Tim Keller's thoughts about deaconal servanthood stimulated a few thoughts of my own. Why would I want to be a servant? Well, sometimes I'm very pleased to look good. I know my fellow church members will think I'm quite the picture of dedication and humility! Other times I fall into the ditch of trying to impress God and show how much I deserve to be blessed. Then there are the times I do it because it's so rewarding! People are appreciative and I feel so good afterwards!
But you know it cuts into my reading time, and usually it needs to be done at the most inconvenient times. I'm an introvert, you know, and I need my private time. I get irritable when presented with the disorder and randomness of other peoples' lives. I growl when my cave is invaded by someone with a need.

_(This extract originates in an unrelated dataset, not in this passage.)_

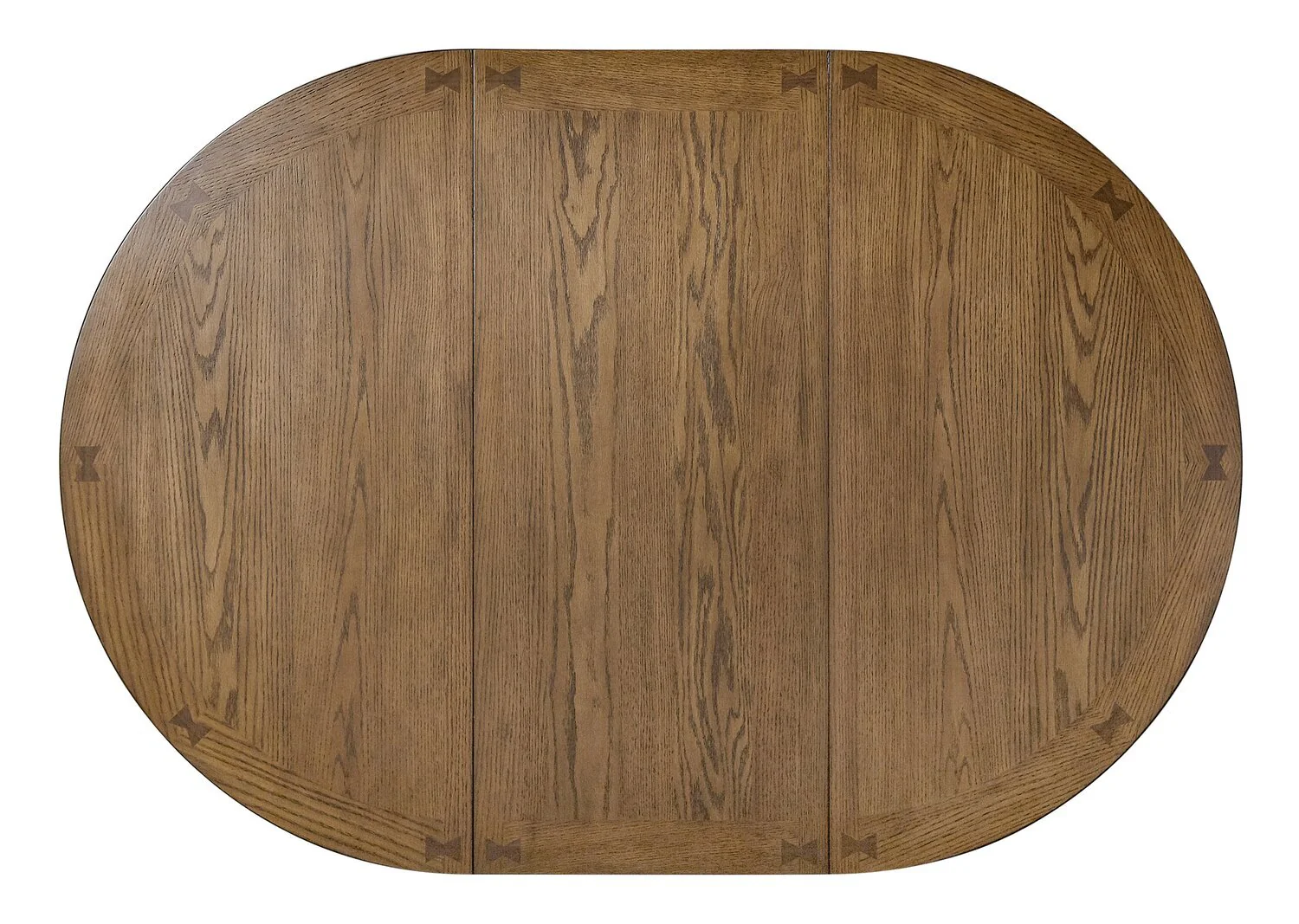 Coventry 5-Piece Dining Set - Walnut - Image 7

Jesus said, "I am among you as one who serves." The word he uses is the word for deacon. This is the pattern of Jesus' ministry. The attitude is as important as the behavior.
Jesus was facing the wrath of God and death on the cross. But there was no self pity, no self preoccupation. He focused on washing dirty feet.
Jesus was not looking for appreciation - he washed the feet of his betrayer.
Jesus was not demanding his rightful perks. He was the King. But he washed feet.
He was without pride, without self righteousness. He was the obedient servant. Doing his father's will. Serving.
Is that my life's passion? Humble, compassionate, willing to be available.
Maybe I need to stop using the word "introvert". Maybe I need to check to see if I'm in my right mind - the mind of Christ.